The biggest reason for the huge jump in crypto losses this year is one major incident: a $1.4 billion hack at crypto exchange Bybit.

In February 2025, hackers broke into Bybit’s system during a routine transfer between its cold wallets (offline) and warm wallets (online). They managed to steal a massive amount of Ethereum and Ethereum-based assets.

According to reports, the FBI believes this Bybit hack was carried out by North Korea’s Lazarus Group, a well-known cybercrime group that has targeted the crypto world before. This theft is now considered the largest hack in the history of cryptocurrency.

This single event made up most of the crypto losses so far in 2025, and it sent shockwaves throughout the industry.

April Sees $92 Million in DeFi Attacks

While the Bybit hack was the biggest, other attacks continue to happen, especially in the DeFi space, contributing significantly to overall crypto losses.
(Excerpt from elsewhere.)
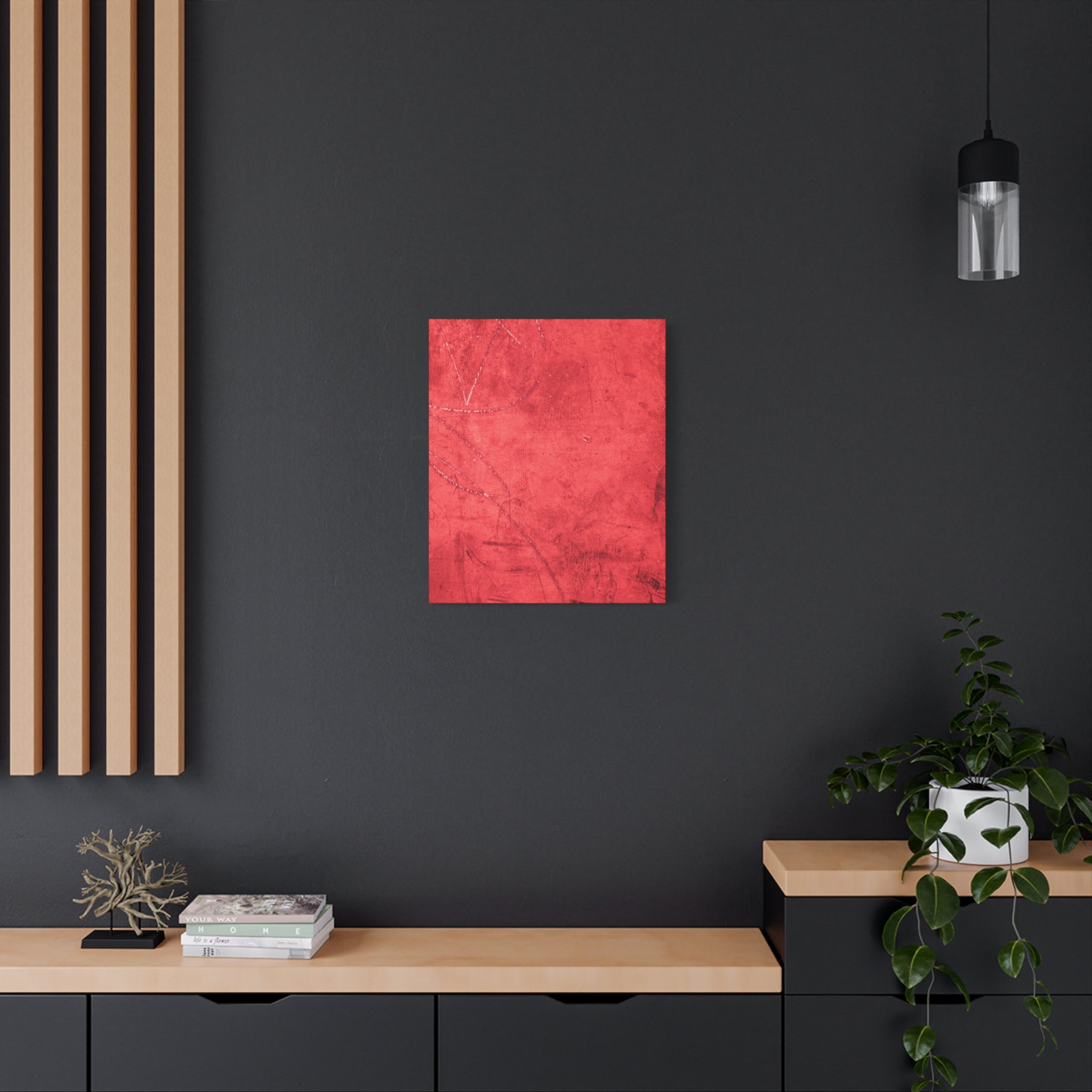 Red Grunge Texture Wall Art – Industrial Abstract Canvas Print with Scratched Surface for Bold Modern Spaces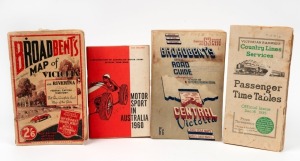"MOTOR SPORT IN AUSTRALIA 1960" five shilling publication, Victorian Railways "COUNTRY LINES SERVICES Passenger Time Table" circa 1935, and two vintage "BROADBENT'S" road guides, (4 items)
DeFi, short for decentralized finance, is a part of crypto where apps try to copy traditional banking services, like lending or trading, but without central control. These platforms use smart contracts, which are automated pieces of code. But they are still very new and often not secure enough.

In April 2025 alone, hackers stole $92.4 million across 15 DeFi hacks, according to Immunefi.

Here are two of the biggest DeFi hacks from April:

UPCX – $70 Million Loss

UPCX is an open-source DeFi platform focused on digital payments.

In early April, hackers attacked UPCX and stole 18.4 million UPC tokens, worth $70 million.

The attack happened because the platform had weak access controls, making it easy for hackers to take the tokens and move them to other wallets.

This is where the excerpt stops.